The committee began its journey in Singapore and, in total, will make stops in Vietnam, Hong Kong and Macau. These key Asian markets — including Singapore and Vietnam — are emerging destinations for U.S. pork and the committee will seek to understand consumer preferences and build relationships with buyers, influencers, retailers and other key stakeholders on their journey.
“Consumption of U.S. pork here is on the rise, and this trip offers our industry leaders the unique opportunity to get in on the ground floor and build awareness for U.S. pork and pork products with decision-makers,” said Craig Morris, vice president of international marketing for the National Pork Board. “Our work is underway to become the ‘pork of choice’ going forward in Asia and around the globe.”
Morris added that the National Pork Board’s international marketing strategy is to elevate the outreach and increase the number of direct opportunities to promote U.S. pork on a global basis. The overarching goal hinges on two critical factors – treating each market as a unique opportunity to grow exports and developing meaningful, personal relationships with Asian leaders.
“Our time in Vietnam will be devoted to gathering the critical consumer insights we need to fully tap into the potential in these exciting, unique markets for U.S. pork, like Vietnam,” said Mike Skahill, National Pork Board treasurer and director from Virginia, who is also on the trade mission.
In Vietnam in 2017, the U.S. exported more than $12 million of pork and pork variety meats. Today, Vietnam is a large and growing trading partner for U.S. pork products among the Southeast Asian nations, and second only to the Philippines. Vietnam also imports pork bellies, prepared and preserved hams, and pork variety meats from the United States.
“Consumers in Vietnam, and Singapore, are rapidly increasing the proportion of pork in their diets, which provides an opportunity to capture a growing share of that consumption pie — if we play our cards right,” said Jan Archer, a pig farmer from North Carolina and a Board past-president. “We need to understand the changing consumer and retail landscape in both destinations, share this insight with our industry partners here in the U.S. and deploy targeted marketing campaigns designed to connect with each country’s unique consumer.”
The National Pork Board, working with its partner the U.S. Meat Export Federation, will have an opportunity to view current marketing campaigns in place in Vietnam.
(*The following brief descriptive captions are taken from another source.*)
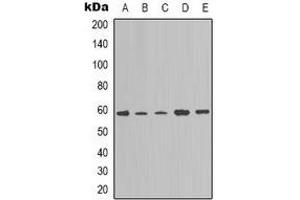 Western blot analysis of NOTCH4 expression in A549 (A), K562 (B), Hela (C), mouse brain (D), NIH3T3 (E) whole cell lysates. (NOTCH4 anticorps  (C-Term))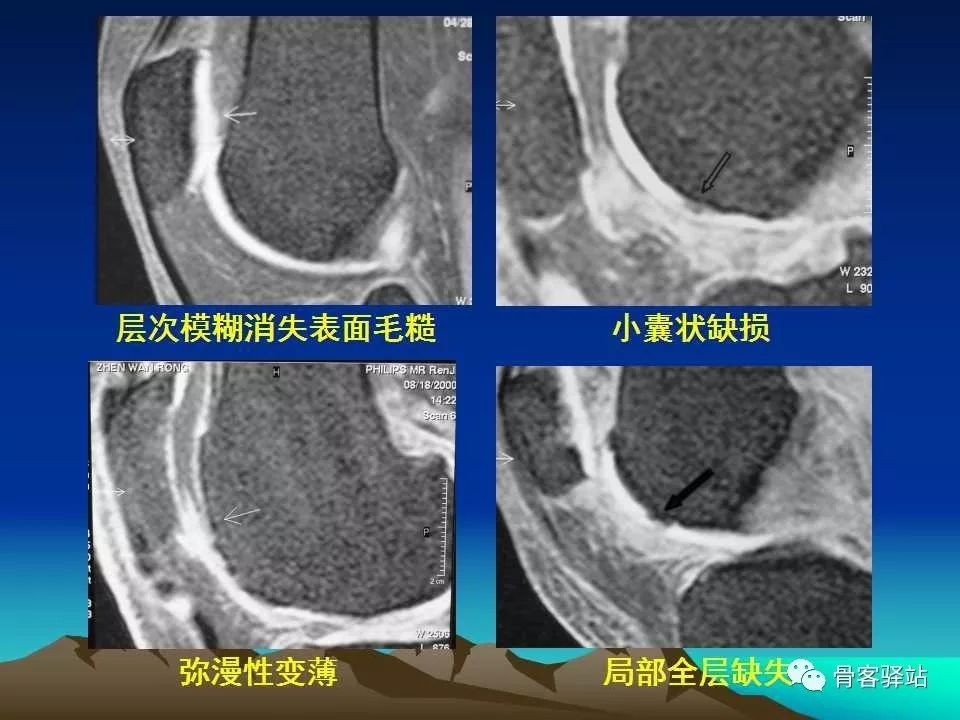 膝关节骨性关节炎的认识和手术治疗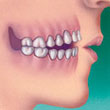 openbite teeth and orthodontics - colgate au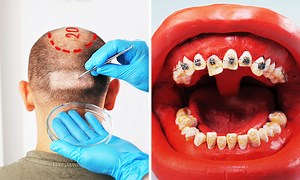 Amazing medical procedures on mock-ups of human parts | Crafty Gadgets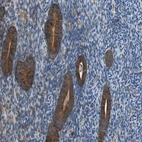 Anti-TMEM200A Antibody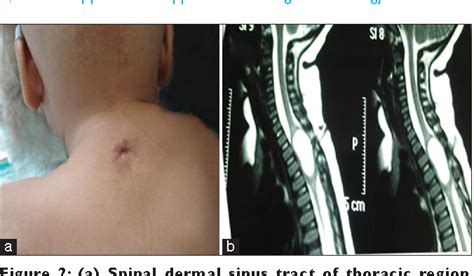 Dermal Sinus Tract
Among the highlights of this trip will be to meet the dedicated and knowledgeable staff working on behalf of the industry in these countries to market U.S. pork.
While gathering insights is critical, there is no substitute for face-to-face engagement. In Asia especially, members of the International Marketing committee will take time to meet personally with buyers to build relationships based on mutual respect and friendship. The committee also will work to cement long-standing relationships with critical trading partners.
“In this challenging trade environment, it’s especially critical that we take that time to also meet with our friends and colleagues in Hong Kong and thank them for their continued friendship,” said Randy Spronk, a Minnesota pig farmer and committee member. Spronk is a past president of the National Pork Producers Council, a sister organization to the Pork Checkoff.
Members of the National Pork Board and its International Marketing committee also will meet with government and association officials in Asia during the ten-day trip, paving the way for future shipments of U.S. pork to find a new home abroad and meet the needs of hungry consumers.